Bajraktari a déclaré qu'à l'époque, la liberté et l'indépendance du Kosovo semblaient impossibles.
“Nous sommes fiers des Américains, nous sommes fiers des Albanais et nous sommes très chanceux d'avoir vu des changements positifs dans notre patrie au cours des 30 dernières années. Penser alors que le Kosovo deviendra un État libre et indépendant et que l'Albanie fera partie de l'OTAN, à rappeler qu'il serait démenti”, M. Bajraktari a ajouté.
Le législateur Engel a indiqué un moment de ces années où, en raison de son activité de soutien au Kosovo, il n'a pas été autorisé à entrer au Kosovo.
Je me souviens de l'histoire où un an les Serbes ont refusé d'entrer au Kosovo. Je suis allé sans visa pour voir s'ils m'auraient laissé entrer. Ils ne m'ont pas laissé. Puis j'ai organisé une conférence de presse. Là, j'ai dit que j'essayais aujourd'hui d'entrer au Kosovo, mais Milosevic ne me le permet pas. Mais je veux lui dire quelque chose: un jour, nous serons au Kosovo libre et indépendant et nous ne le laisserons pas entrer. Et c'est ce qui s'est avéré être”

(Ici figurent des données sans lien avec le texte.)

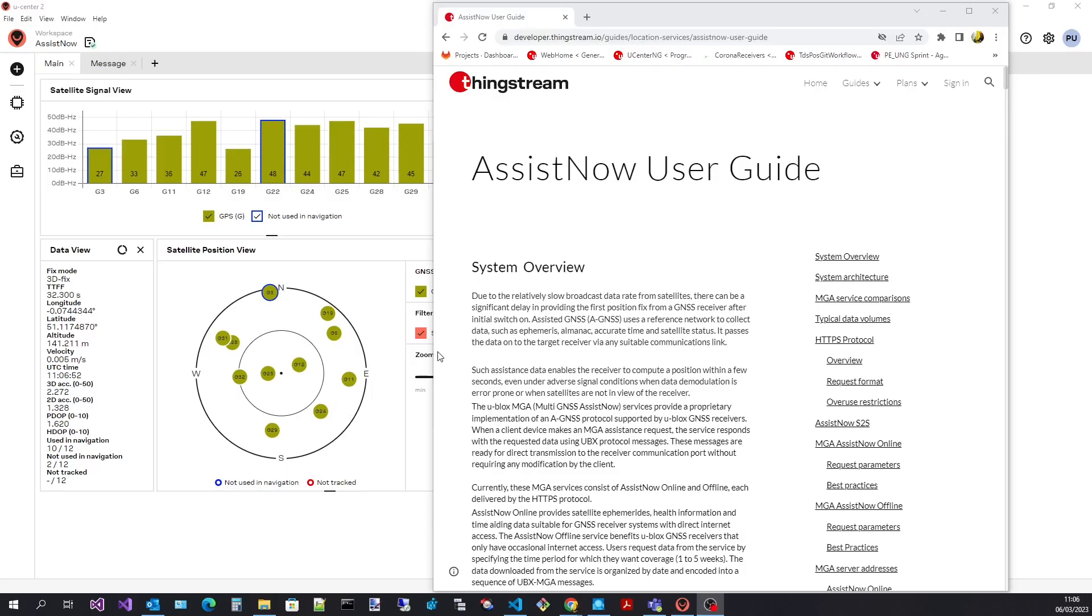Welcome to the uCenter 2 video series. In this video I will show you how to use uCenter 2's AssistNow online support to improve the receiver's cold start time to first fix.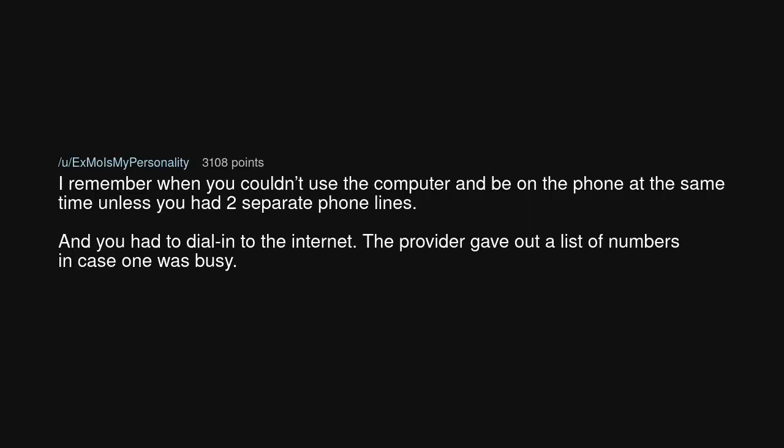I remember when you couldn't use the computer and be on the phone at the same time unless you had two separate phone lines. And you had to dial into the internet. The provider gave out a list of numbers in case one was busy.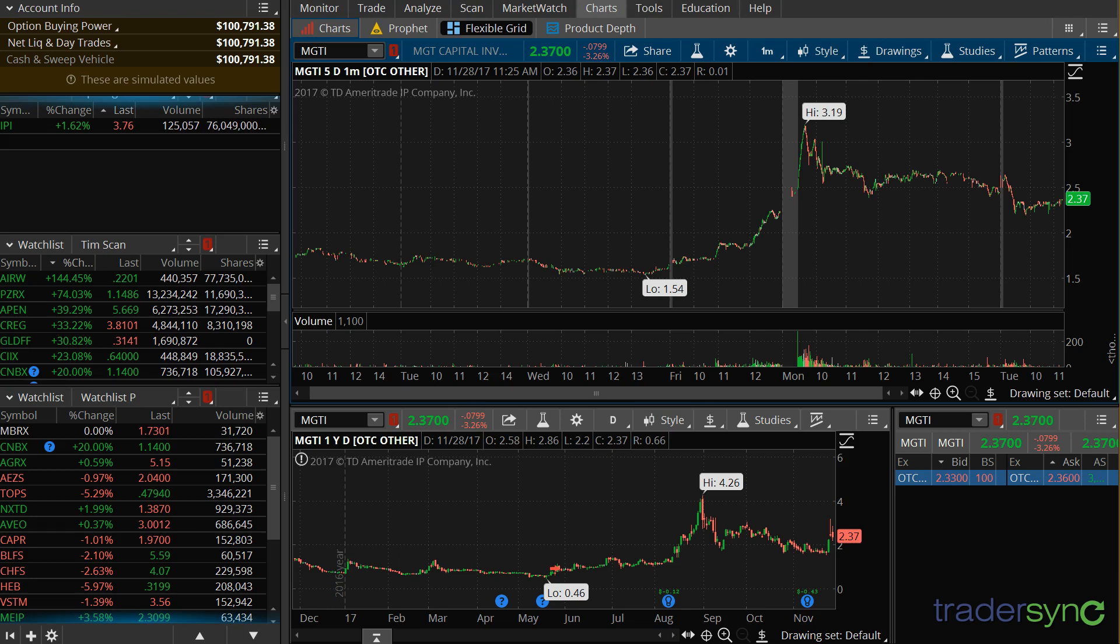I am going to show you how to export your trades from Thinkorswim and how to import them into TraderSync, your trade journaling software.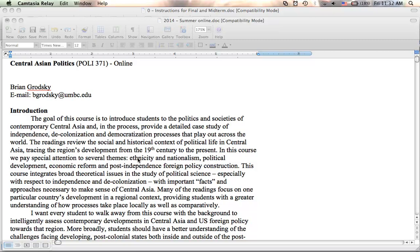So the goal of the class is to introduce you to the politics and societies of Central Asia. But in the process, what I'm trying to do is give you a case study of independence and decolonization, and also challenges to democratization that play out really across the world. In this class, we're going to trace Central Asia's development really from around the 19th century up until the present. Most of what we work on is going to be 20th century politics because that gives you the base for what we have today. And using this base, you should be able to apply all the lessons learned to why we see various things happening in Central Asia.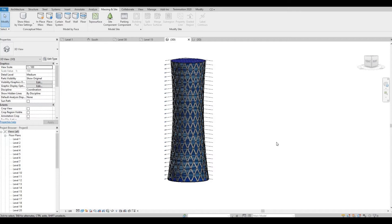Hi everyone, welcome back to my channel. In today's video, I'll show you how to create this in-place mass building. Let's get started.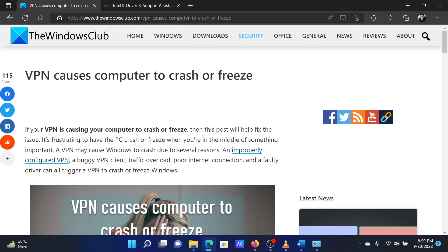If you have any doubts, please go to the original article on The Windows Club and write your question. We will surely answer it. Thank you for watching this video. Have a nice day.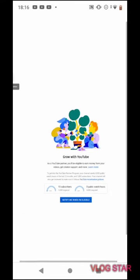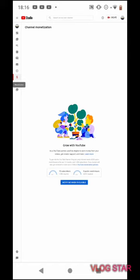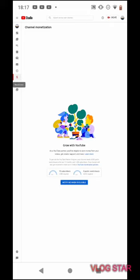Ayan lang po yung isi-share ko sa inyo na tutorial kung paano malalaman kung nakokopyright ba yung videos ninyo na inupload nyo sa YouTube. Ayan lang po sa mga gusto pang magtatanong, mag-comment lang po sa ating comment box sa channel, sa aking channel.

L'honneur que le Congrès a rendu aux activités albanaises est un honneur pour toute la nation, ont déclaré les ambassadeurs du Kosovo et de l'Albanie qui ont assisté à la cérémonie.
Au moment où le Kosovo n'avait pas d'ambassade du tout, à un moment où le Kosovo ne pouvait même pas être trouvé sur une carte à Washington, il y avait des Albanais comme Harry Bajraktari et sa famille qui ont parlé pour nous, ont élevé leur voix pour nous et construit des amitiés, comme nous avons vu l'amitié entre le député Engel et Harry Bajraktari, qui n'étaient finalement pas dans la position de la famille Bajraktari, mais ont été dans la fonction du Kosovo et dans la fonction de la question albanaise en général” Vlora Citaku, une amasadore du Kosovo, a déclaré à Washington.
L'ambassadeur d'Albanie en Amérique Floreta Faber se sent tout aussi honoré.
Nous sommes ici au bâtiment du Congrès américain où il y a un symbole de démocratie et de liberté pour un grand nombre de pays et de peuples dans le monde. Ce qui me rend si fier aujourd'hui c'est la fréquence à laquelle le mot albanais a été mentionné et combien il a été parlé d'une famille qui a commencé dès le début et a réussi non seulement à soutenir sa famille mais à donner tant à l'Albanie, aux questions albanaises, à la communauté albanaise”.
Les débuts de Harry Bajraktar sur la question albanaise se poursuivent aujourd'hui. Outre l'activité immobilière en Amérique, il a investi au Kosovo, créant des possibilités d'emploi pour les citoyens.
M. Bajraktari vit dans le Bronx, à New York, où se trouve sa compagnie.